SQL SERVER – Puzzle – Statistics are not Updated but are Created Once

After having excellent response to my quiz – Why SELECT * throws an error but SELECT COUNT(*) does not?I have decided to ask another puzzling question to all of you.

I am running this test on SQL Server 2008 R2. Here is the quick scenario about my setup.

  • Create Table
  • Insert 1000 Records
  • Check the Statistics
  • Now insert 10 times more 10,000 indexes
  • Check the Statistics – it will be NOT updated

Note: Auto Update Statistics and Auto Create Statistics for database is TRUE

Expected Result – Statistics should be updated – SQL SERVER – When are Statistics Updated – What triggers Statistics to Update

Now the question is why the statistics are not updated?

The common answer is – we can update the statistics ourselves using

UPDATE STATISTICS TableName WITH FULLSCAN, ALL

However, the solution I am looking is where statistics should be updated automatically based on algorithm mentioned here.

Now the solution is to ____________________.

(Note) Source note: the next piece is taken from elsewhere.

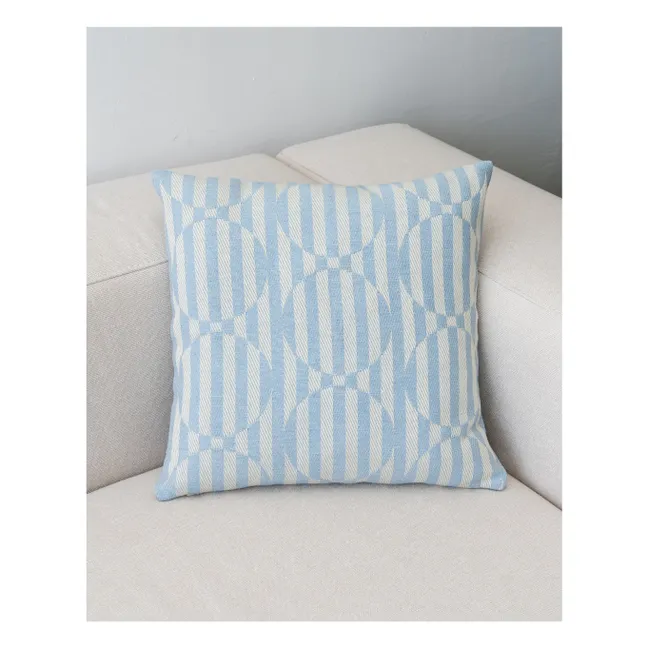 Housse de coussin Dots | Bleu ciel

Vinod Kumar is not allowed to take participate over here as he is the one who has helped me to build this puzzle.

I will publish the solution on next week. Please leave a comment and if your comment consist valid answer, I will publish with due credit.

Here is the script to reproduce the scenario which I mentioned.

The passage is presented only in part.